__The problem__
Nothing but the lines from the top of the data to the line holding "Welcome to this video, which" should be printed, word for word and both ends included; leave the pictures out.

__Data provided__
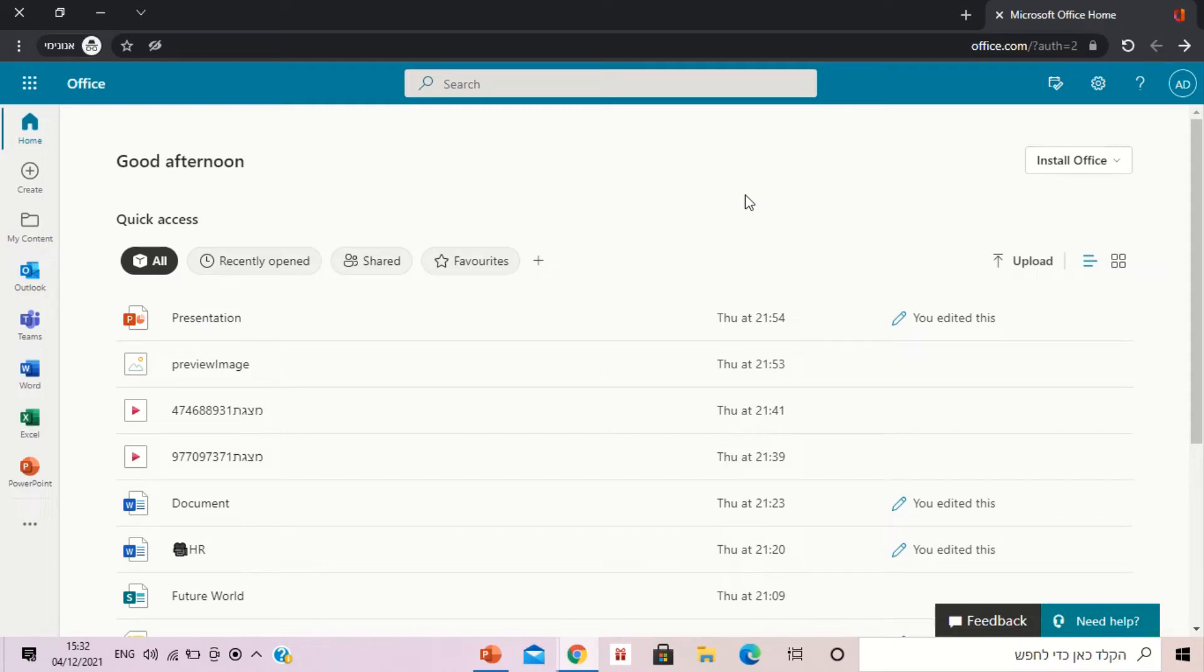Hello, this is Ami Diamond. In this short episode I'll show you the new functionality of requesting files from OneDrive.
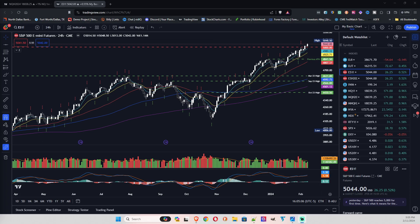Hey y'all, welcome back to my channel. Sniper Trader here. It is February 11, 2024, which is Sunday. Today I wanted to talk about February market seasonality.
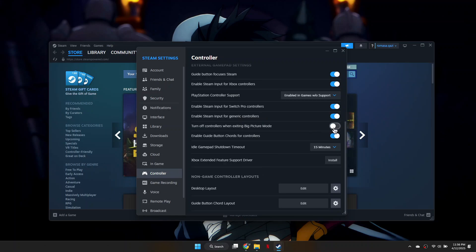Next, if you see any available options to install drivers like Xbox Extended Feature Support, click Install to make sure everything is up to date.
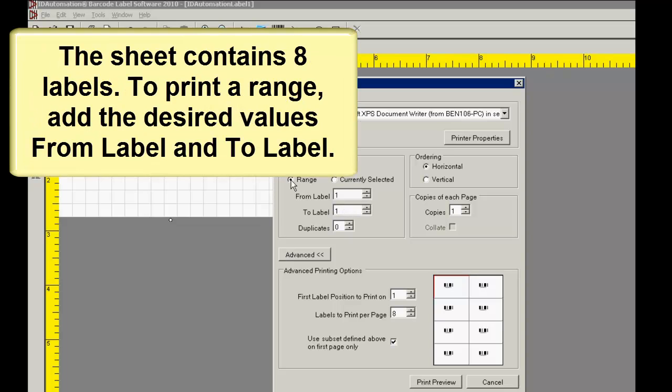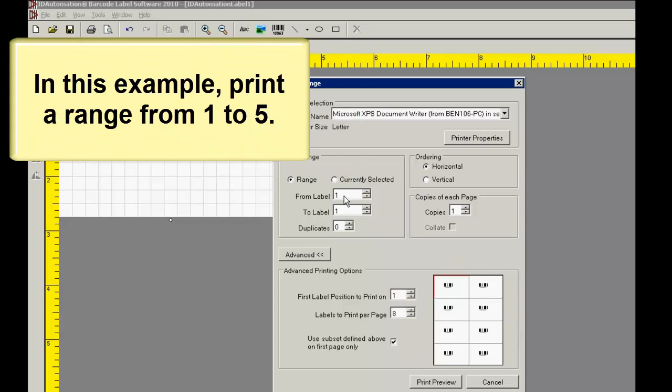This particular sheet contains eight labels. To print a range, add the desired values from Label and to Label. In this example, let's print a range from 1 to 5.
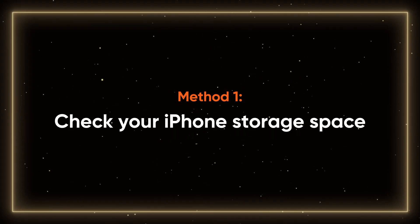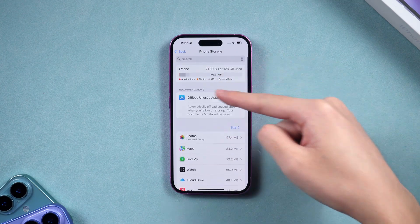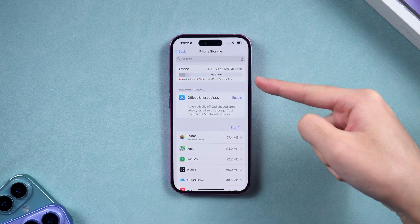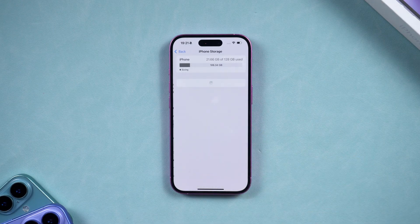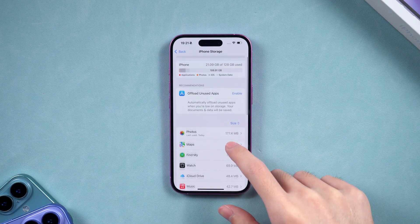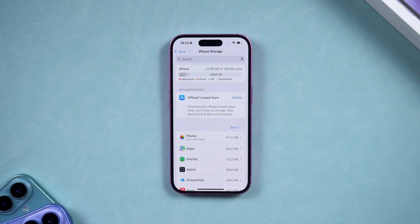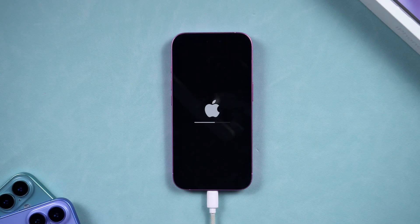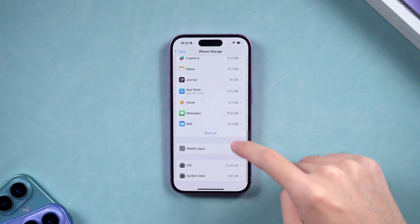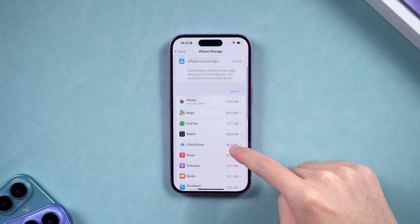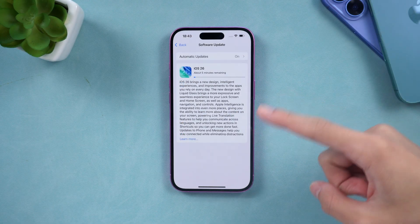Method 1: Check your iPhone storage space. You need at least 15 GB of available space to download and install the update, so make sure you have enough storage. You can check the remaining storage under iPhone storage. If your device storage is insufficient, I don't recommend proceeding with the update, as this might cause your iPhone to malfunction. You can uninstall apps you rarely use or delete unnecessary data. After freeing up storage space, try downloading the iOS 26 update again.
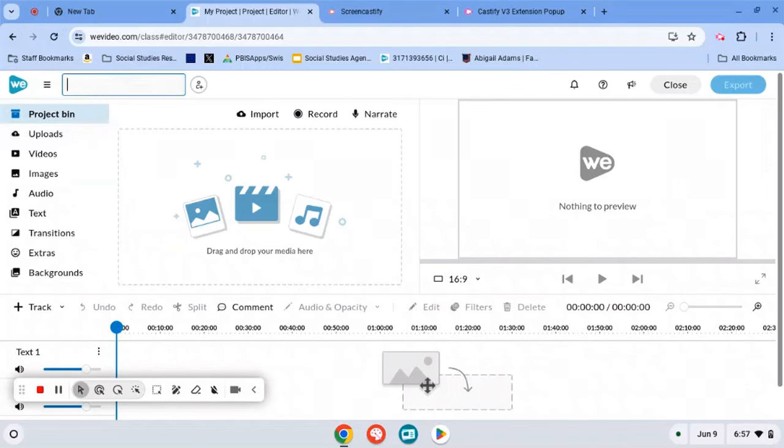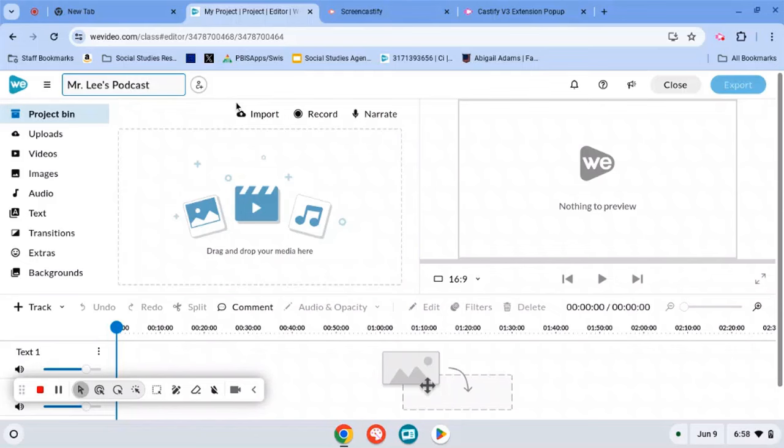Go ahead and name it Mr. Lee or your name's podcast. If you want to name it something different later or if you have a name in your mind now for it, go ahead. But go ahead and name it so it's easier to find in the home screen when you go back into WeVideo the next time.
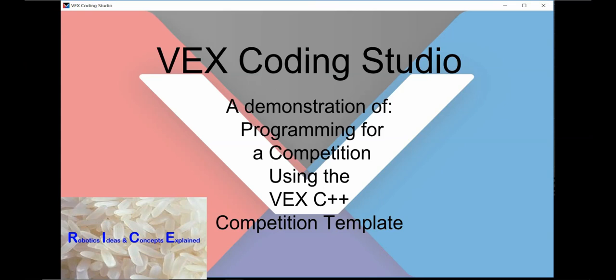Welcome to this video, which is intended for people who have little or no programming experience. In this video, we will write a competition program for your V5 VEX robot using the VEX C++ competition template in VEX Coding Studio.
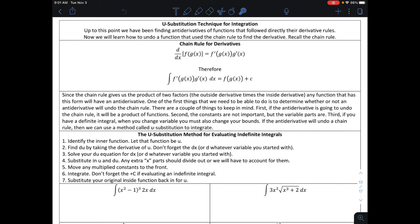In this video, we're going to learn how to integrate functions that represent the derivative of some composition of functions where we had to apply the chain rule. Recall how the chain rule works: if I'm taking the derivative of f of g of x, I would take the derivative of the outer function first, leave the inside alone, and multiply by the derivative of the inside. So therefore, if I was to find the anti-derivative of this derivative, the anti-derivative would lead me back to what I originally took the derivative of, plus c.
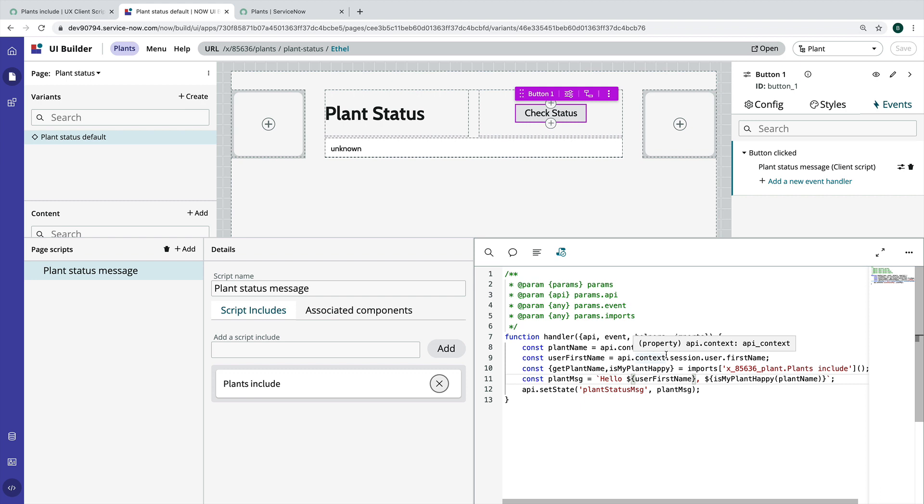But basically if you have a data resource that mutates data, so if it creates or updates data, you can execute it, and then you generally pass it a payload basically that it's expecting, and then it takes that data and sends it to the server. And then if you have a data source that doesn't mutate data, it's just fetching data, then you can do a refresh and get it to fetch your data again. So that's helpful if you have done an execute and added data to the server and you want to refresh the data that you have on the page, you can do that through a refresh.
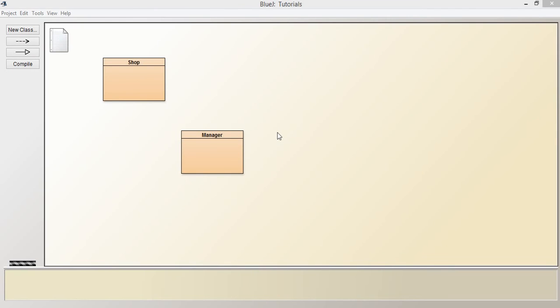Hi guys, welcome to this video in the series Java Tutorials for Beginners. In this video we're going to be looking at objects and object interaction.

__Answer to the problem__
Hello, this is Ami Diamond. In this short episode I'll show you the new functionality of requesting files from OneDrive.
Hey y'all, welcome back to my channel. Sniper Trader here. It is February 11, 2024, which is Sunday. Today I wanted to talk about February market seasonality.
Next, if you see any available options to install drivers like Xbox Extended Feature Support, click Install to make sure everything is up to date.
This particular sheet contains eight labels. To print a range, add the desired values from Label and to Label. In this example, let's print a range from 1 to 5.
Method 1: Check your iPhone storage space. You need at least 15 GB of available space to download and install the update, so make sure you have enough storage. You can check the remaining storage under iPhone storage. If your device storage is insufficient, I don't recommend proceeding with the update, as this might cause your iPhone to malfunction. You can uninstall apps you rarely use or delete unnecessary data. After freeing up storage space, try downloading the iOS 26 update again.
Go ahead and name it Mr. Lee or your name's podcast. If you want to name it something different later or if you have a name in your mind now for it, go ahead. But go ahead and name it so it's easier to find in the home screen when you go back into WeVideo the next time.
Welcome to this video, which is intended for people who have little or no programming experience. In this video, we will write a competition program for your V5 VEX robot using the VEX C++ competition template in VEX Coding Studio.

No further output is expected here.